Sorry to hear that the downloading of it always froze ur computer,pretty weird.


----------



## kisstherim (Jul 15, 2004)

TracywtFacy said:


> yeh but I've got a download cap on my broadband and don't want to go over


u don't need to worry bout that.Actually u won't download anything into ur hard drives when using this kind of softwares, all the operations r in the "memory" of ur computer.


----------



## Hakeem (Aug 12, 2004)

I think he meant that his service provider only allows him to download a certain amount every month. Streaming does count towards that, but I'm not sure how much.


----------



## Cornholio (Feb 13, 2005)

Can I change the options to english in ppstream???


----------



## kisstherim (Jul 15, 2004)

cornholio said:


> Can I change the options to english in ppstream???


I guess not.


----------



## Cornholio (Feb 13, 2005)

kisstherim said:


> I guess not.


I'll just try to guess what they mean, then:biggrin:
Thanks


----------



## HeinzGuderian (Jun 29, 2004)

Im going to have to try this. Thanks.


----------



## kisstherim (Jul 15, 2004)

Instructions of pplive/ppstream from Clutchfans



> Most of you already know of a program called pplive, which shows cctv-5 at a good quality and good stream.
> 
> There is another program called ppstream, this program has both cctv-5 and nbatv streaming live, and others such as Star Sports (if the Rockets game is not scheduled to be on CCTV-5, then it will most likely be on Star Sports.)
> 
> ...





> According to PPStream's FAQ, if you use Windows XP SP2, you may need to apply a patch to remove the outbound TCP connection limit (10). The following link provides more information. http://www.speedguide.net/read_articles.php?id=1497.
> 
> PPLive and PPStream perform a lot better on my computer after removing the limit.


----------



## ivanpei (Oct 22, 2005)

My media player classic pops out then jams. Any solutions?


----------



## Stat O (Mar 17, 2005)

I think I love mcgrady :banana:

35 points...that's amazing


----------



## Demiloy (Nov 4, 2005)

Just wondering: Is all of this strictly legal?


----------



## Pimped Out (May 4, 2005)

Demiloy said:


> Just wondering: Is all of this strictly legal?


yeah, the chinese network buys the right to the game, and instead of a simple broadcast over airways, they send a streaming broadcast over the internet. thats how i understand it.


----------



## kisstherim (Jul 15, 2004)

Demiloy said:


> Just wondering: Is all of this strictly legal?


Maybe it's not so *strictly* legal in HK and Singapore, but I guess u don't need worry bout being arrested for this. :biggrin: As far as I know,there r lots of Hkers using this to catch NBA games.
But I advise u check it out in the HK local laws, I heard there r some HKers having been punished recently for using Bittorrent softwares? :angel:


----------



## kisstherim (Jul 15, 2004)

Pimped Out said:


> yeah, the chinese network buys the right to the game, and instead of a simple broadcast over airways, they send a streaming broadcast over the internet. thats how i understand it.


 Is this somehow a sarcasm?


----------



## kisstherim (Jul 15, 2004)

ivanpei said:


> My media player classic pops out then jams.

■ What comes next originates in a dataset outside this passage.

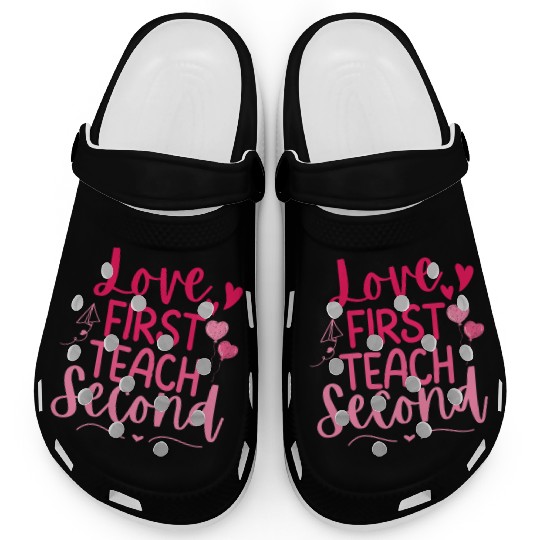 Love First Teach Second Valentines teacher Clogs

Any solutions?


Maybe u should try Media Player 10? It doesn't work well in MPC,I heard. And is ur system Win XP? I heard there r some problems if u run PPstream/PPlive in other systems.

And probably it has sth to do with ur firewall. U can try to shut down your firewall and see if it will work.

Actually I have a browser called "MAX-IE" which contains ppstream,so I in fact use the "webpage version"of ppstream,not the ppstream software, so frankly I don't know much about the settings of ppstream/pplive softwares. Maybe this webpage can help u:

http://www3.pplive.com/english/


----------



## sylaw (Nov 7, 2002)

Anyone know what channel today's game is going to be on? It's scheduled to be on NBAtv in the US but is it going to be on NBAtv on ppstream or will it be on Star Sports. Also, I did not see Star Sports in the channel list on ppstream. Can anyone help me out here?


----------



## kisstherim (Jul 15, 2004)

sylaw said:


> Anyone know what channel today's game is going to be on? It's scheduled to be on NBAtv in the US but is it going to be on NBAtv on ppstream or will it be on Star Sports. Also, I did not see Star Sports in the channel list on ppstream. Can anyone help me out here?


"ESPN 台湾" on ppstream=Star Sports, I guess.

It's only on NBATV. I was watching NBATV on PPstream a few weeks ago, but can't find it since like a week ago. I saw many ppl were complaining in the ppstream message board, but no explanation so far.


----------



## TracywtFacy (Mar 29, 2005)

How fast are all your broadband connections? mine is currently only 512kbps, and both cctv-5 feeds are real laggy... is there a lower-res channel I can watch??


----------



## Raxel (Nov 10, 2004)

In first install, I select language "chinese", then I found all Chinese chars in menus displayed as "?" in program, I uninstalled it and reinstalled with "English", Although setup shows in English, Program still displays in "???", How do I fix it?


----------



## kisstherim (Jul 15, 2004)

TracywtFacy said:


> How fast are all your broadband connections? mine is currently only 512kbps, and both cctv-5 feeds are real laggy... is there a lower-res channel I can watch??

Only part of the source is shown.